We have posted before on the efficacy of various disinfectants against Candida auris, supporting that chlorine-based disinfectants and chlorhexidine have a role to play in preventing the transmission of Candida species. This latest laboratory study tested the efficacy of a UV room decontamination system against various species of Candida auris and Candida albicans, MRSA, and C. difficile spores. Metal discs with these organisms dried onto them were placed 5 feet from the device at a height of 4 feet with exposure times of 10, 20, or 30 minutes. UV achieved a <2-log reduction on C. auris after 10 minutes of exposure (vs. a >6-log reduction for MRSA), a 4-log reduction after 20 minutes, and a 6-log reduction after 30 minutes. The efficacy profile of UV against C. difficile and C. auris was similar.
This study is in line with the findings of others that C. auris is able to less susceptible to disinfection than other agents. Therefore, extended exposure UV cycles or hydrogen peroxide based room disinfection should be used to tackle environmental contamination with C. auris.


Link to the referenced study at pubmed. Only the abstract is available.

Here, ozone used to kill the candida c. auris in a sink drain.
This seems to be a study used in testing an ozone-generating sink drain.
The results:

Results
o On steel discs, MRSA, Pseudomonas, and C. auris were reduced by ≥3 log10 colony-forming units (CFUs) with 10 minutes of exposure to ozonated water
o In the sink model, we demonstrated total elimination of C. auris and Pseudomonas sp at the strainer within 2 days of ozone activity (figure 1, 2)
o We also demonstrated total elimination of both organisms at the trap within 9 days of ozone activity (figure 1, 2)
o Beyond the trap there was no significant decolonization (figure 1, 2)


Not many results show in the duckduckgo search for UV light or ozone being used to kill "bugs".

I don't have time or energy to do more looking. But those two examples, even if they are weak ones, show that there are answers to the "new bugs" being reported on.
 

IThinkImTurningJapanese

Senior Member
Messages
3,492
Location
Japan
The article takes a sensational tone in places but it's still interesting to learn about C. auris, possible reasons for its spreading,

C. Auris has been with us for ages, without problems. ;)
It proved resistant to a front-line antifungal treatment called itraconazole.
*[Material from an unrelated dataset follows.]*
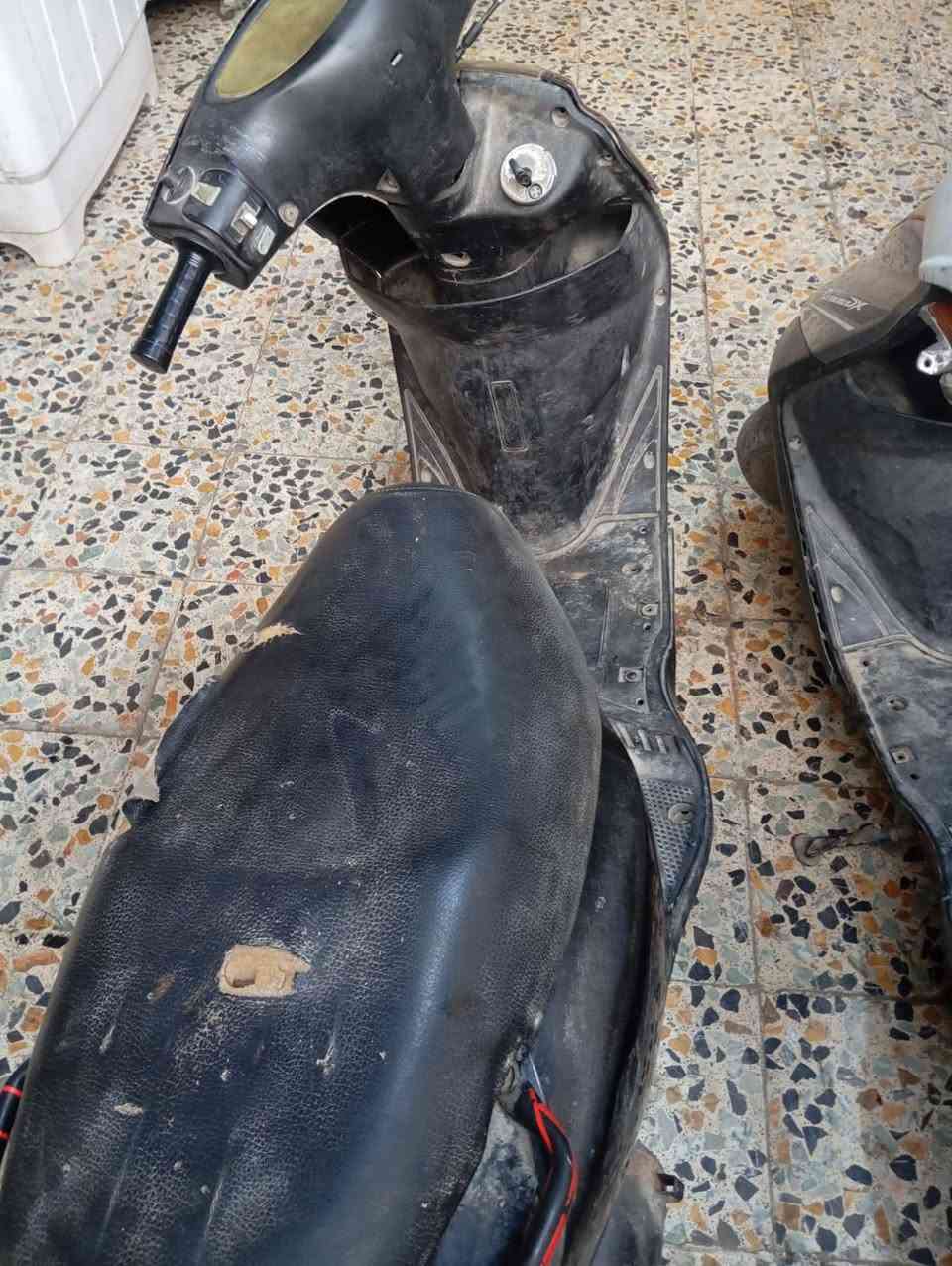 سلام عليكم دراجات بريز وحدة كابريتر وحدة نوزل متروكات طافيات ابيع كوم حديد تحمل وتروح لا تكلي شبيهن مابيهن مكاني بل شعب شارع السواق المركزية السعر 350رقمي***********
That drug is a virtual copy of the azole pesticides that are used to dust crops the world over and account for more than one-third of all fungicide sales.
 

PatJ

Forum Support Assistant
Messages
5,288
Location
Canada
C. Auris has been with us for ages, without problems.

It's the new drug resistant strains that are getting better at killing people since those strains are now resistant to the three major classes of antifungal drugs.
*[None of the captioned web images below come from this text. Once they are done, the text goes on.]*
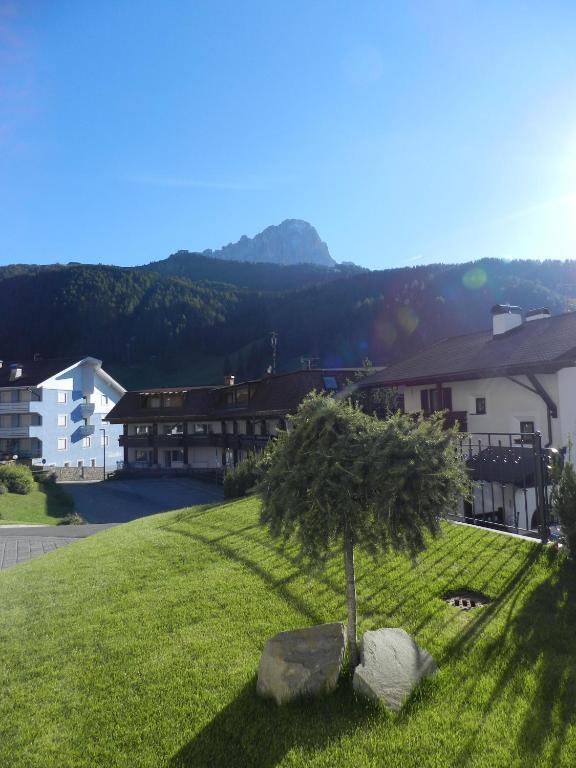 Garni Hotel Mezdi Selva di Val Gardena Extérieur photo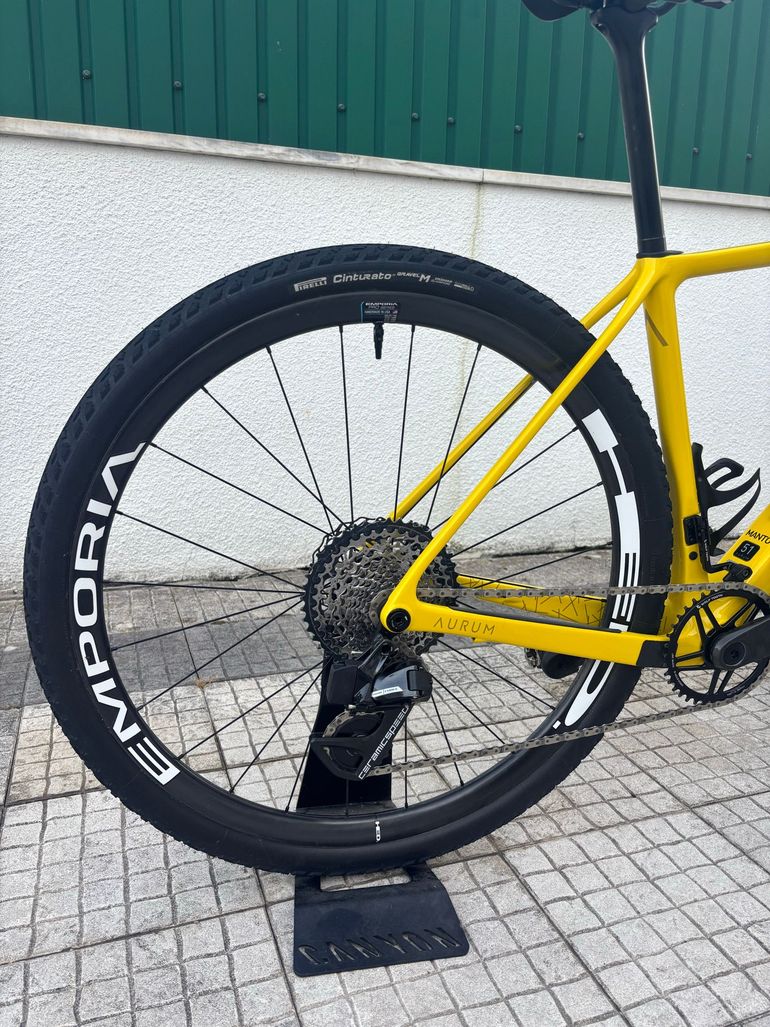 Käytetty Aurum Custom SRAM Force eTap AXS 2024 Road & Gravel — kuva 3 / 46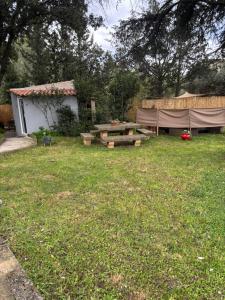 Maisons de vacances STUDIO Havre de paix au pont du gard Piscine et Jacuzzi chez Valerie Payre : photos des chambres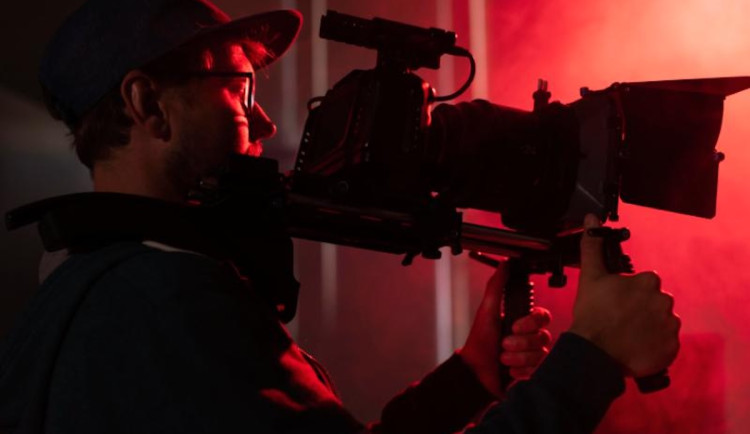 Karlovarský kraj podpoří natáčení filmu Zvíře dotací 300 tisíc korun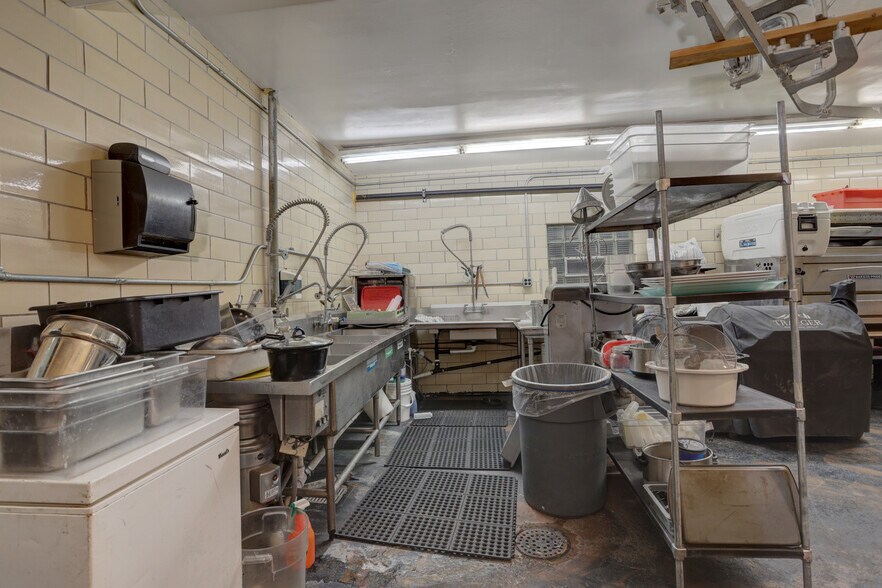 More Photos Of 3900-3910 W Colfax Ave, Denver Storefront For Lease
Considering the relatively small number of cases so far it isn't a major problem at the moment, but has the potential to become one.

There is a related article on the topic from the same reporter.
 

IThinkImTurningJapanese

Senior Member
Messages
3,492
Location
Japan
It's the new drug resistant strains that are getting better at killing people since those strains are now resistant to the three major classes of antifungal drugs.

Exactly, and it looks like our experience with antibiotic-resistant bacteria has lead to early recognition of the cause.

Much like we have had to change livestock handling practices (the EU has banned antibiotics as a growth stimulate in livestock) and limit the overuse of antibiotics, we will have to curtail the prophylactic use of fungicides in agriculture.